The confirmation process before the Senate: “It has its moments and it has its difficulties,” Kagan said. She said that, for her, the process was “a ton of work,” including individual sessions with 82 of the 100 members of the Senate. As for the hearings process itself, she said, “I’m a bit of a ham. . . . If you feel like talking, they really can’t stop you.” She said, “For the most part, I thought it was quite engaging and quite challenging.”

Justice Thurgood Marshall: Kagan clerked for Marshall, the famed civil rights lawyer and first black member of the Court, during the 1987-88 term. It was, she said, “an extraordinary experience” to work for him. “He was the great lawyer of the twentieth century,” she said. “He was the best story teller I’ve ever met in my life.”

Hunting: Talking about the good personal relations among justices, despite differences of opinion, Kagan described how she has gone hunting several times with Justice Antonin Scalia. She said people assume that abortion was the subject she was asked about the most when she met with senators during her confirmation process, but the number one subject was actually gun rights and the Second Amendment. Kagan said one senator asked if she had ever gone hunting. She said “no,” and offered to go with him. He seemed not to want to do that, so she said she would go with Scalia if she were confirmed. Indeed, Scalia subsequently took her skeet shooting and then hunting for pheasant and quail. “Justice Scalia has made a huntress out of me,” she joked. She said the two are planning to go hunting in Montana in October. In his chambers, Scalia has a large animal head he calls Leroy, Kagan said. “He insists I’m going to shoot myself an antelope,” Kagan said. “Justice Scalia insists I need my own Leroy.”
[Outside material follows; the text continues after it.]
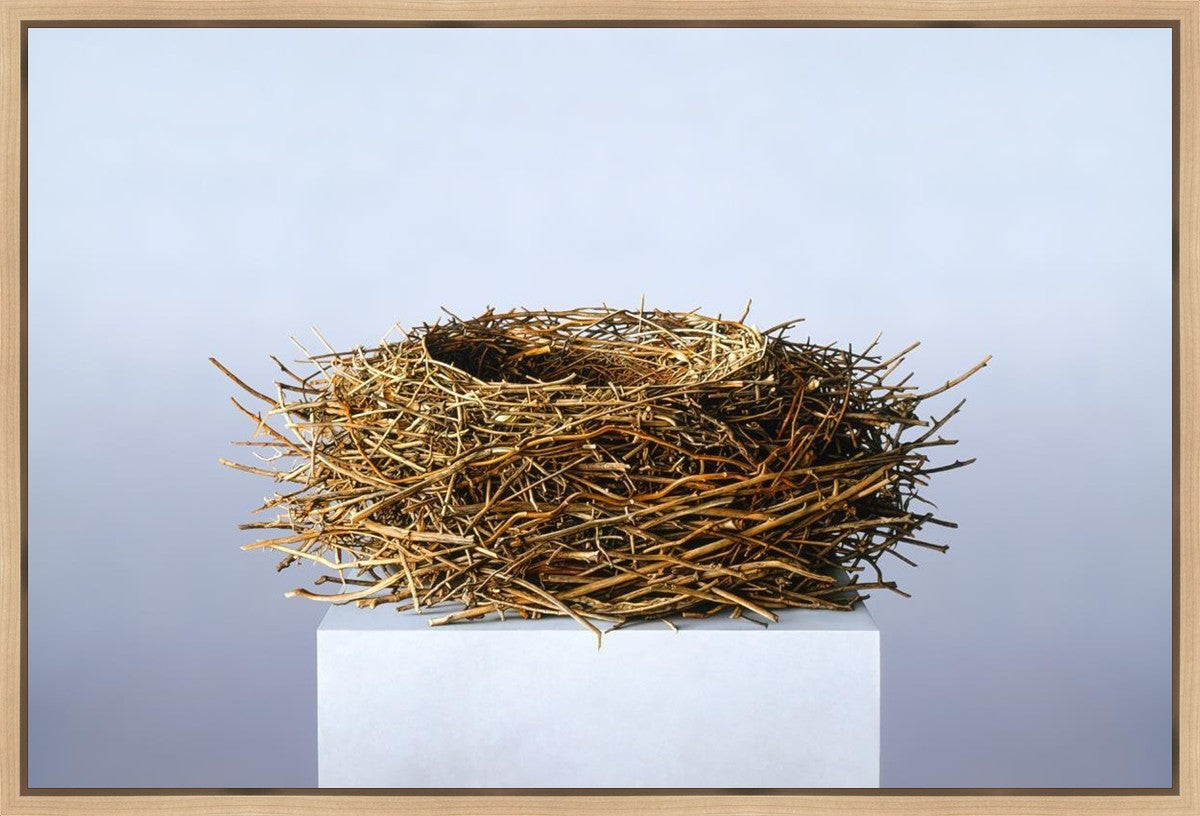 Nest Gallery Wrap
The importance of passion: Gousha told Kagan that Sandra Day O’Connor had visited Marquette Law School several years ago and concluded a session with students by advising them to make sure they maintain balance in their lives. He asked Kagan what her advice would be. “Find some passion,” Kagan added to O’Connor’s advice. “Think about what most moves you, about what you care about the most,” and let that form a big part of your life.

Why she was selected for the Court: Kagan responded to the question by saying, “It’s a pretty good job I have. It’s a good gig. . . . I don’t’ know exactly why I was chosen, but I’m not looking that gift horse in the mouth.”







This Post Has One Comment

  1. Nick Zales

    Low profile cases show the court at its best? It’s preferable for the court to stay out of the news? Justice Kagan seems to be suffering from “Potomac Fever.” Perhaps she prefers a court that no one knows about. One where its decisions are hidden from view as not being newsworthy. But that would be exactly the opposite of the American ideal and what we need from it.

    Ask yourself to name a dozen American heroes. Make it fifty. How many would be justices of the high court? Probably none. Perhaps a lawyer might name John Marshall but the average person would name none. That is THE problem with out court. It rarely does anything noteworthy for the people. The few times it does act in the public interest, it gets slammed for – horrors – actually getting it right. People have rights, the government has none but what it was given by “We the people.” But over 200 years the government, with the court’s approval, has managed to stand this principal on its head. Most people believe the government holds all rights and doles out a few to the people from time to time.

    The failure of the court to capture the public imagination is a crucial fault. That we have to go back in time 200 years to find a heroic supreme court justice shows the failure to the court to do its job. It’s job is to defend the Constitution, not to placate the government and big business. Yet, that is what it does. If you created a pecking order of authority the court approves of, it would go like this: government, large corporations and then the people. Instead of being first the people are last. This is the court’s great failure. Not being in the news and not being heroic is a fault of the court, not a commendable attribute.